Well I am loading up the R/C stuff in the truck with me now so I plan on being there this evening. Hopefully.

Jeremiah Ward


----------



## cwoods34

How old is he? I can "chase" him now....... Imagine when I have 120 years of experience like he does!


----------



## jonesy112

If anyone is looking for any new batteries, come talk to me tonight or whenever at the track. I have a few BRAND NEW RevTech 2s batteries to sell. They are 6000mah 60C with the deans plug on them already. Asking 100$ ea for them


----------



## cwoods34

I guarantee you'll pick up two tenths if you buy one of those Revtech batteries. They are SICK. They also balance both of my cars almost perfectly without adding weight.


----------



## Kevin Cole

I will be headed to Indy as soon as Presley gets out of school.

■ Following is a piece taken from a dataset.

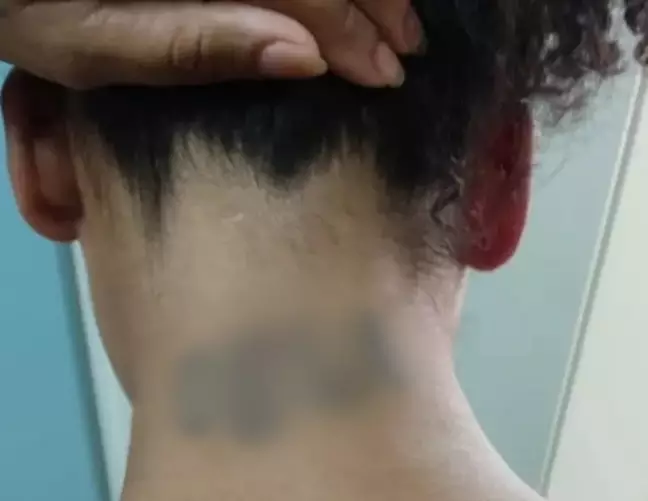 agredir tatuar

The track will be changed slightly for this evening. Jonesy and I talked about switching both ends of the lay-out to the opposite of what they are currently.

Looks like we'll have a good group of Mod 12th scales, and I want to make the high speed section as user friendly as possible. Lets face it, it's no fun replacing parts every round.


----------



## cwoods34

I did mention to Jonesy that you could run the track counter-clockwise. BUT just switching the ends works as well  

Should be there at 4.........


----------



## Golddome

*track layout*

ive only ran on road once or twice, but can i offer a user friendly lay out......long straight followed by a left hand turn, followed by another long straight, then another left hand turn?


----------



## Railroader

Hillrod Alert!


----------



## jonesy112

Railroader said:


> Hillrod Alert!


shouldnt you be driving north into traffic jams and construction instead of hobbytalking?


----------



## Railroader

Visiting wife's family, she drives. I don't make the rules.


----------



## IndyHobbies.com

I have the same relationship with my wife...


----------



## PDK RACING

Railroader said:


> Visiting wife's family, she drives. I don't make the rules.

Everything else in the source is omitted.